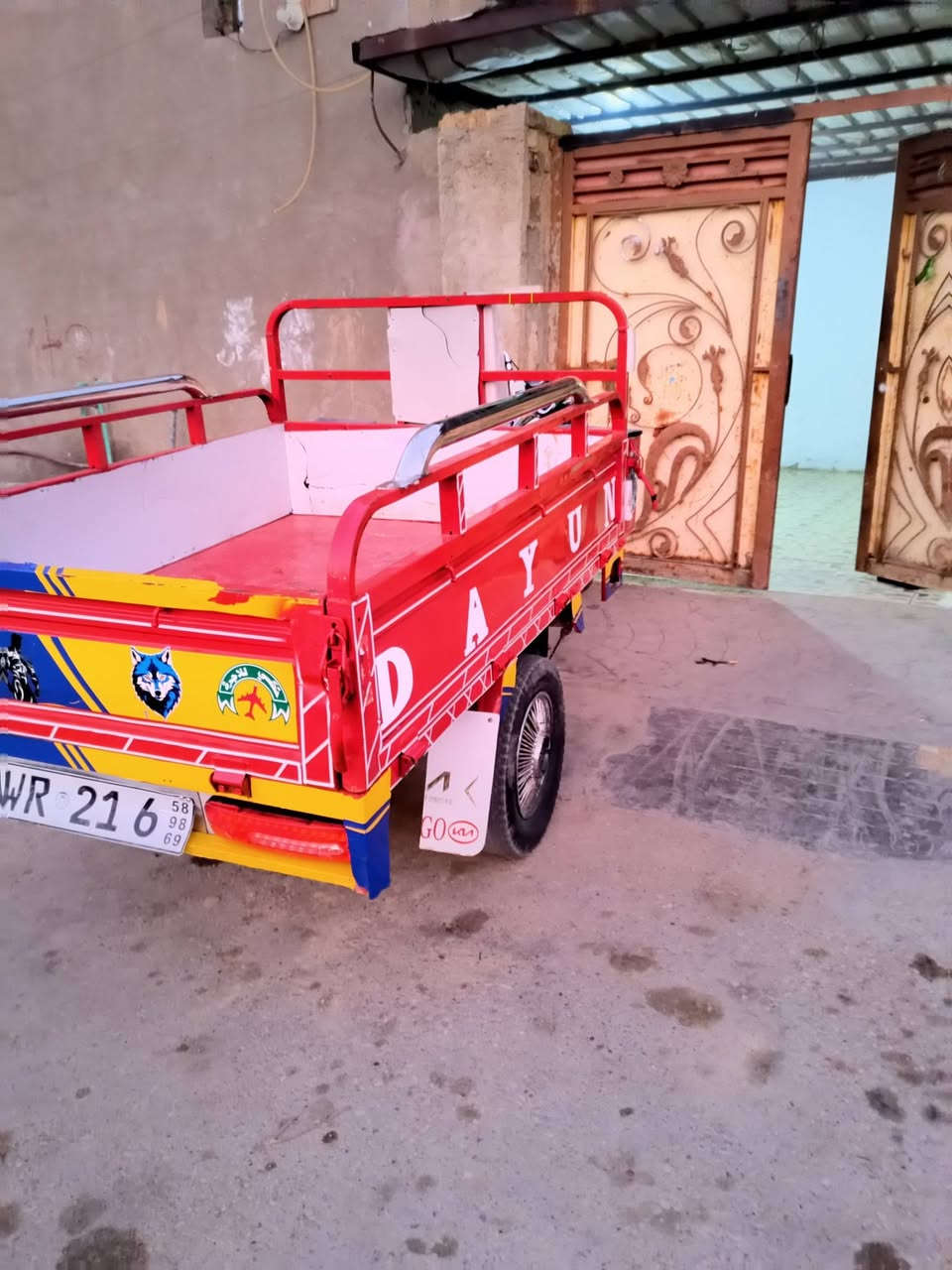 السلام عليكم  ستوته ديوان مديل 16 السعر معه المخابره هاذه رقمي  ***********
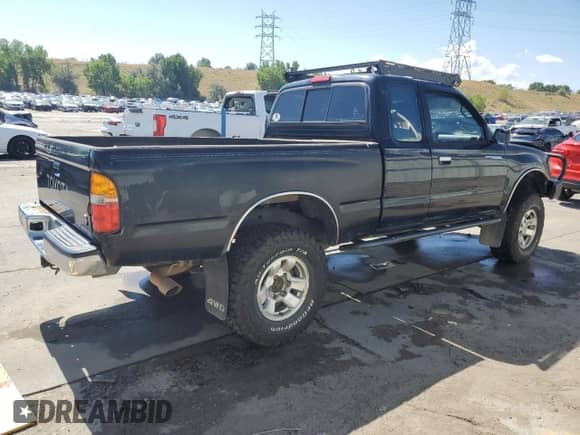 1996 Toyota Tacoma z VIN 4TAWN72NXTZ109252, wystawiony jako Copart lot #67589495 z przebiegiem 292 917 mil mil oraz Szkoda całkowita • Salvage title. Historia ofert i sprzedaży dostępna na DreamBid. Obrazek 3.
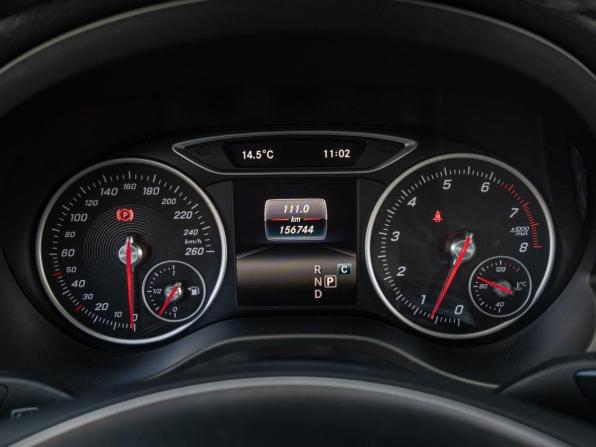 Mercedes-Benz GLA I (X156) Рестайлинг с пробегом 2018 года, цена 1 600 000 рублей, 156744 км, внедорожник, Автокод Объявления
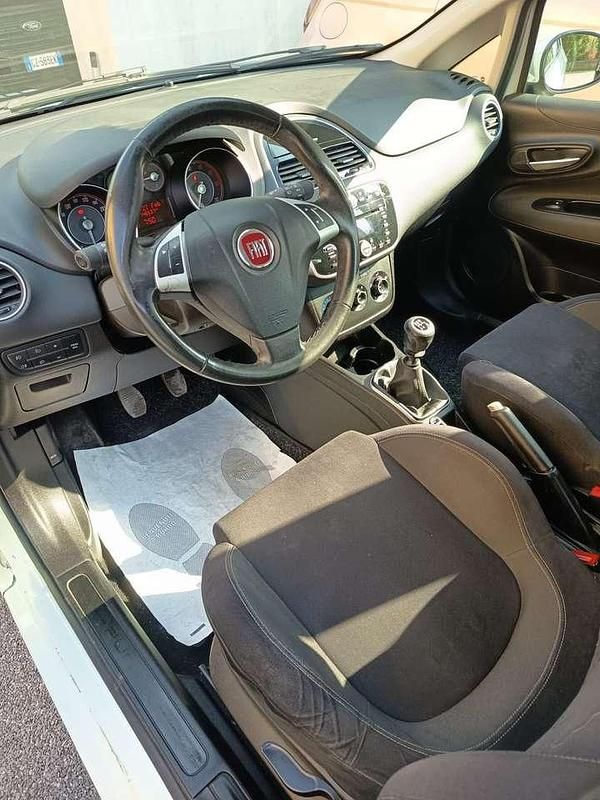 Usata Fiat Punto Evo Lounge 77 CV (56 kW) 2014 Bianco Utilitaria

..........

ASSIGNED TASK:
Word for word, print all of the data; skip the pictures.

SOLUTION TO THE EXERCISE:
 السلام عليكم  ستوته ديوان مديل 16 السعر معه المخابره هاذه رقمي  ***********
 1996 Toyota Tacoma z VIN 4TAWN72NXTZ109252, wystawiony jako Copart lot #67589495 z przebiegiem 292 917 mil mil oraz Szkoda całkowita • Salvage title. Historia ofert i sprzedaży dostępna na DreamBid. Obrazek 3.
 Mercedes-Benz GLA I (X156) Рестайлинг с пробегом 2018 года, цена 1 600 000 рублей, 156744 км, внедорожник, Автокод Объявления
 Usata Fiat Punto Evo Lounge 77 CV (56 kW) 2014 Bianco Utilitaria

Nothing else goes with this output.